What the exercise asks: Restate the records word for word. Include no pictures.

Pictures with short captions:
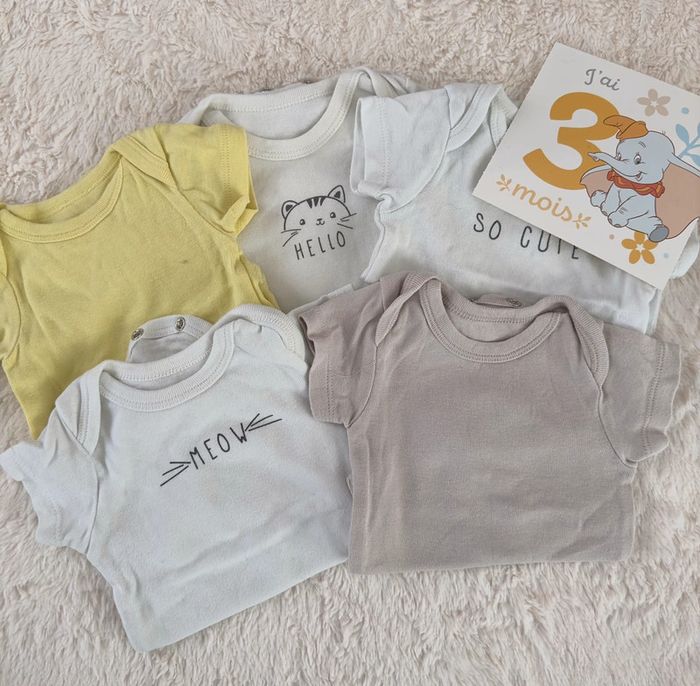 Body MC 3 mois Kiabi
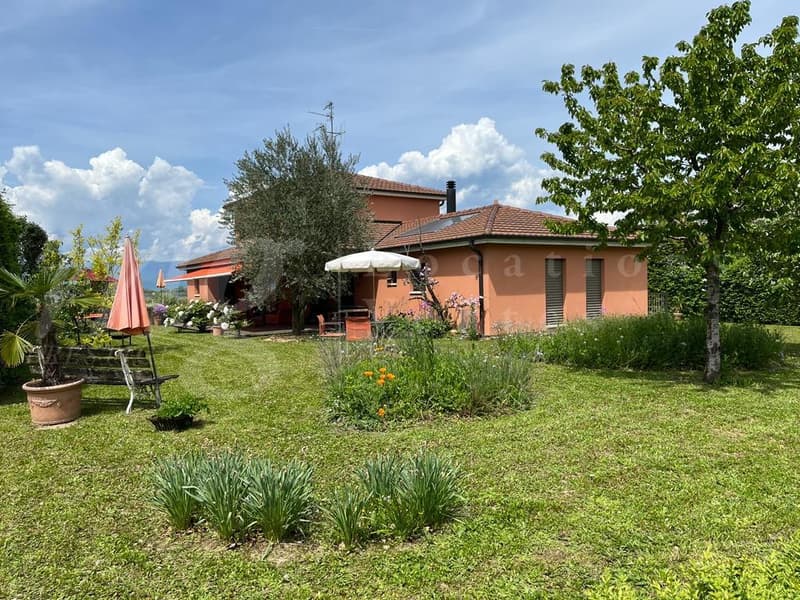 Großes individuelles Familienhaus von 250 m2 Wohnfläche - Bezaubernder umzäunter Garten von 1000 m2 - Ruhig (1)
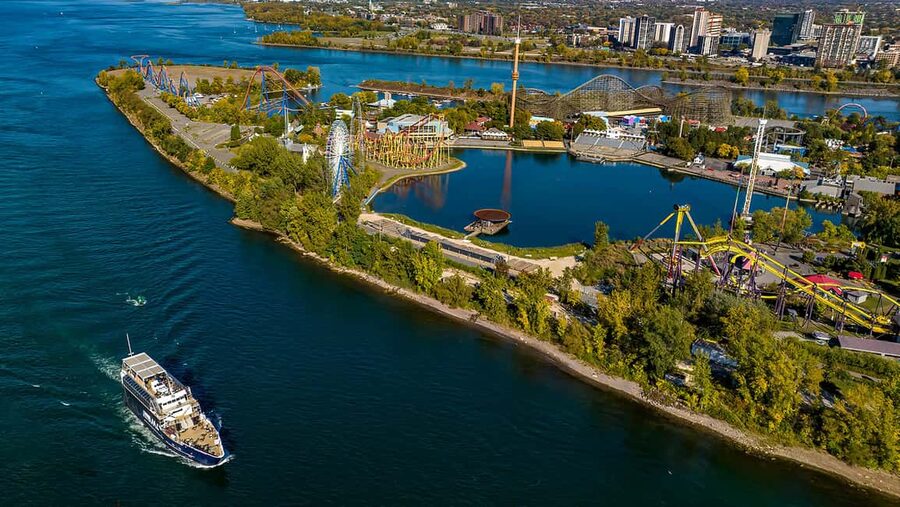Montréal: Guided Sightseeing River Cruise - A clear route past Montréal’s landmarks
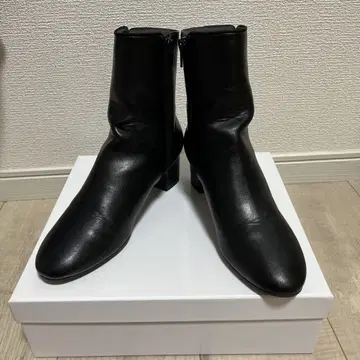 블랙 가죽 숏부츠
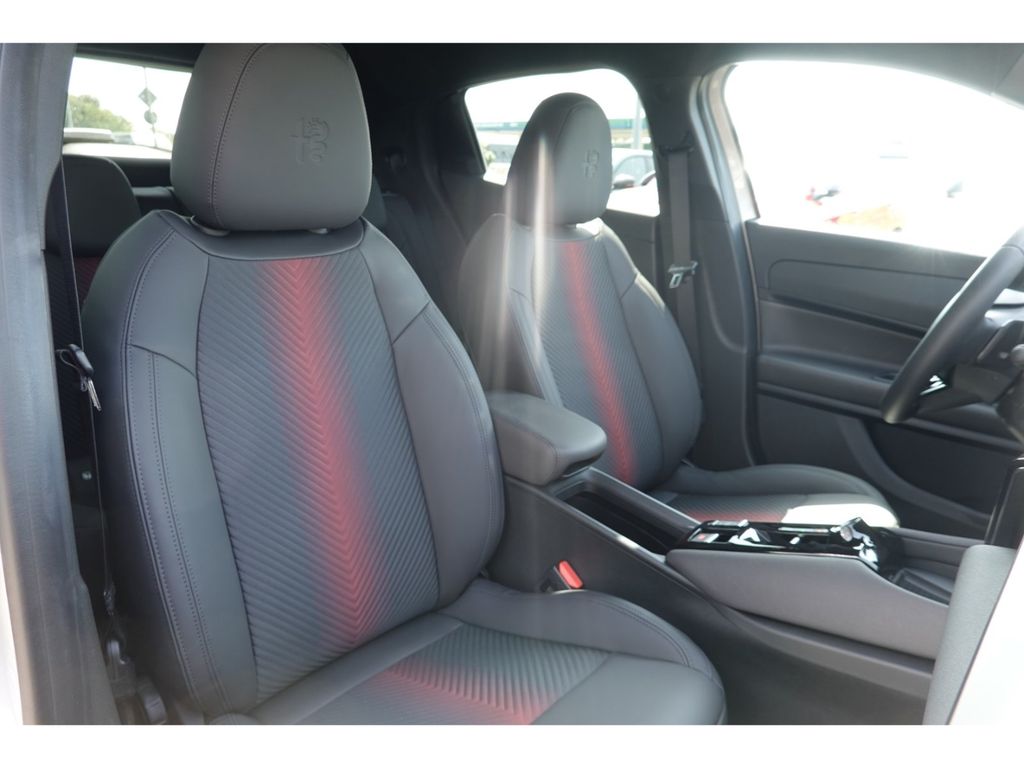 Alfa Romeo Junior 2025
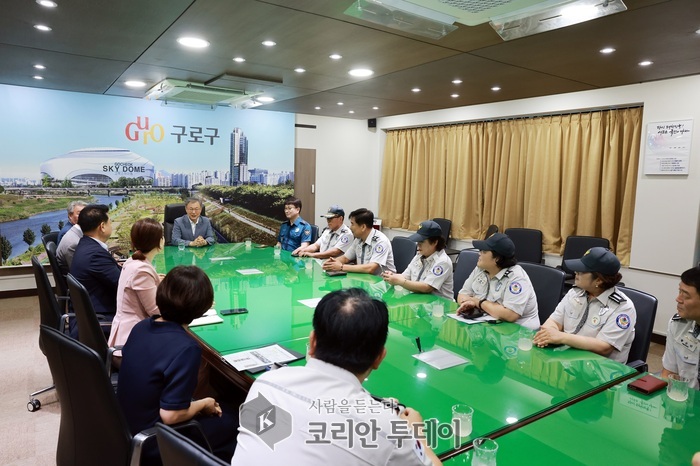 [코리안투데이] (사진) 5일 자율방범대 순찰차량 전달식 모습 © 박수진 기자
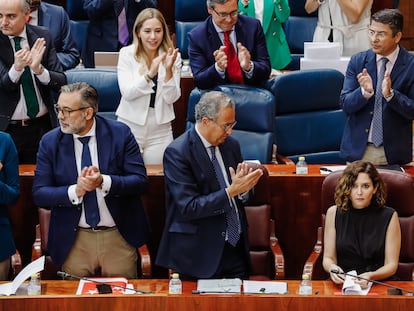 La presidenta de la Comunidad de Madrid, Isabel Díaz Ayuso, es aplaudida por sus compañeros del PP en una sesión plenaria en la Asamblea de Madrid.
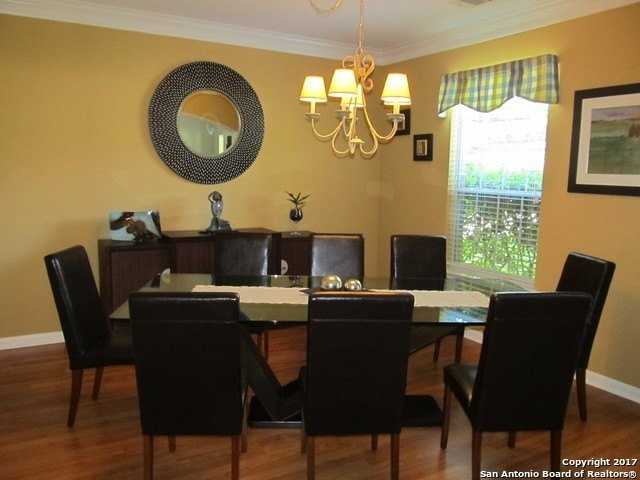 118 Stonewall Bnd - Photo 5 of 24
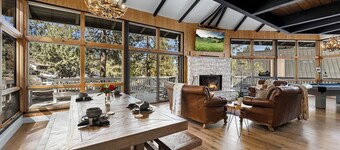 Beautiful 3-bedroom Chalet in Wrightwood perfect for your getaway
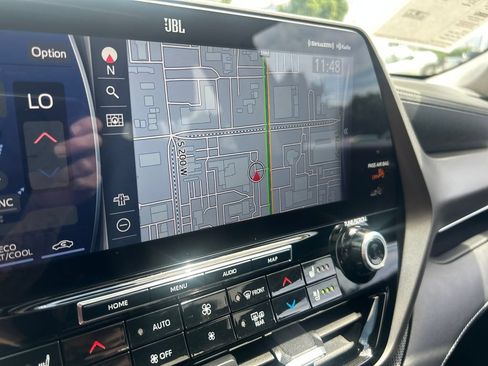 Certified 2021 Toyota Highlander Limited AWD/4WD image 22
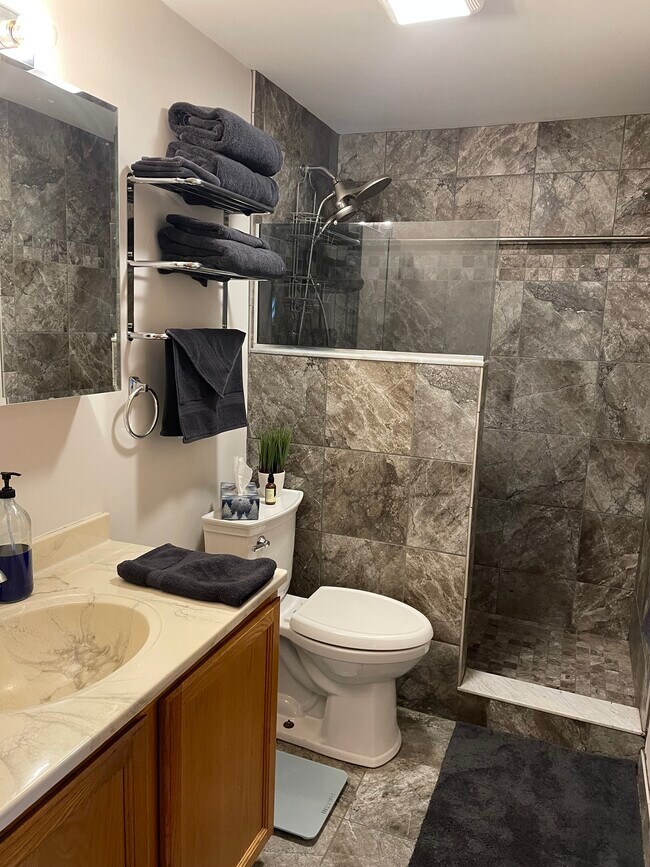 Foto del edificio - 322 Hathaway St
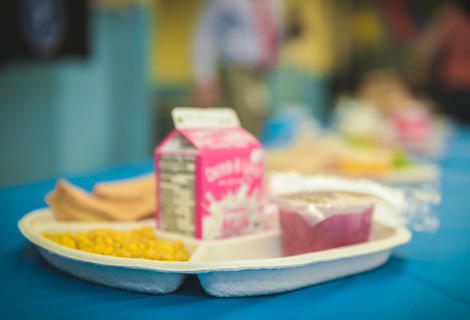  Compostable Trays Replace Polystyrene in Lunchrooms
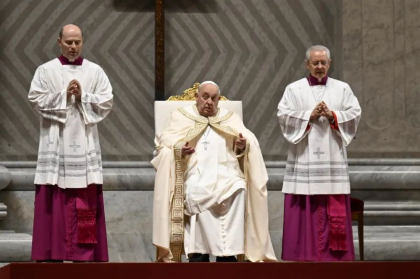 Papa Francisc, primul mesaj după ce a fost internat în spital. Ce le-a transmis, cu vocea tremurândă, credincioșilor
Papa Francisc, primul mesaj după ce a fost internat în spital. Ce le-a transmis, cu vocea tremurândă, credincioșilor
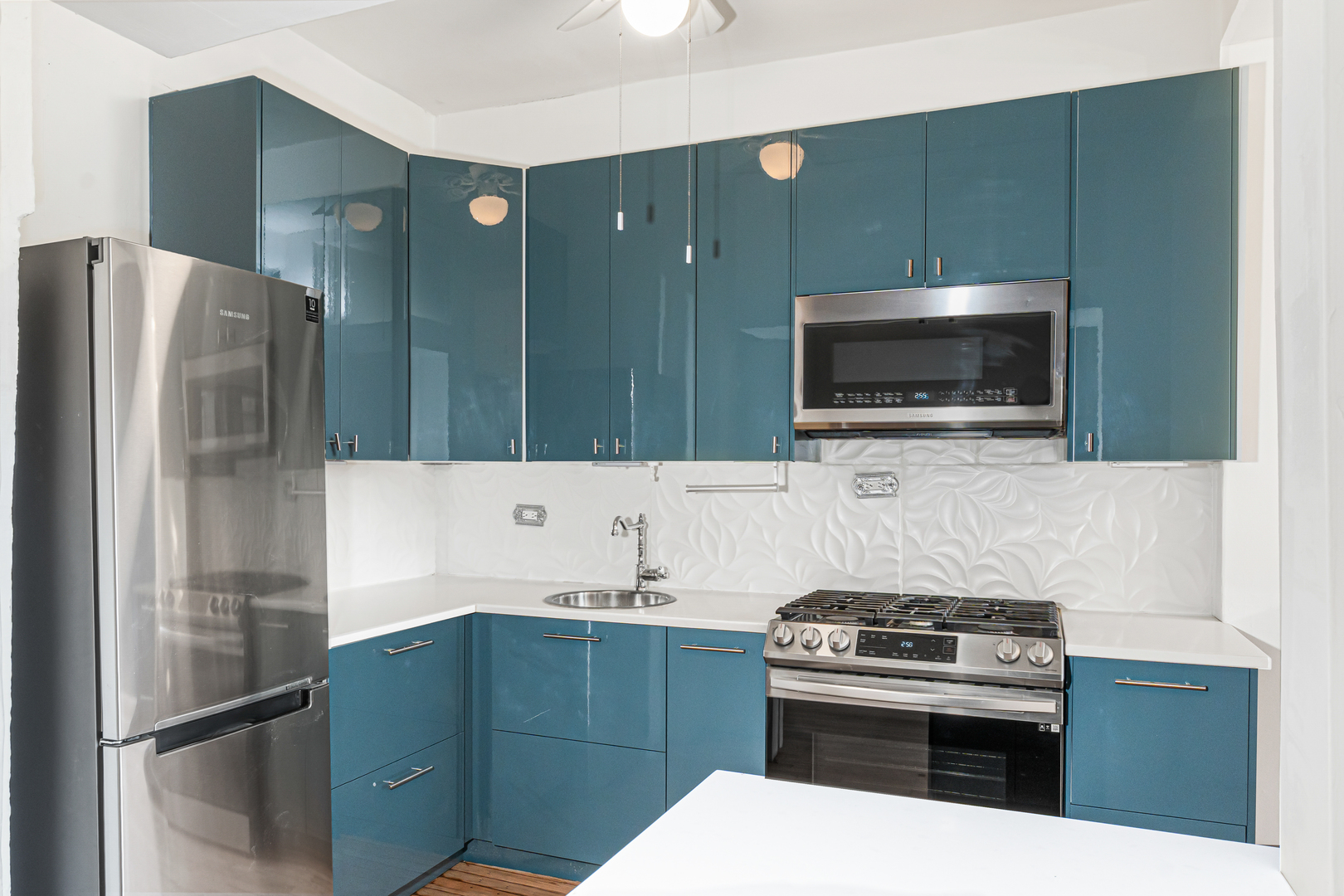 3520 N Lake Shore Drive Unit: 4P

Exercise output:
 Body MC 3 mois Kiabi
 Großes individuelles Familienhaus von 250 m2 Wohnfläche - Bezaubernder umzäunter Garten von 1000 m2 - Ruhig (1)
Montréal: Guided Sightseeing River Cruise - A clear route past Montréal’s landmarks
 블랙 가죽 숏부츠
 Alfa Romeo Junior 2025
 [코리안투데이] (사진) 5일 자율방범대 순찰차량 전달식 모습 © 박수진 기자
 La presidenta de la Comunidad de Madrid, Isabel Díaz Ayuso, es aplaudida por sus compañeros del PP en una sesión plenaria en la Asamblea de Madrid.
 118 Stonewall Bnd - Photo 5 of 24
 Beautiful 3-bedroom Chalet in Wrightwood perfect for your getaway
 Certified 2021 Toyota Highlander Limited AWD/4WD image 22
 Foto del edificio - 322 Hathaway St
  Compostable Trays Replace Polystyrene in Lunchrooms
 Papa Francisc, primul mesaj după ce a fost internat în spital. Ce le-a transmis, cu vocea tremurândă, credincioșilor
Papa Francisc, primul mesaj după ce a fost internat în spital. Ce le-a transmis, cu vocea tremurândă, credincioșilor
 3520 N Lake Shore Drive Unit: 4P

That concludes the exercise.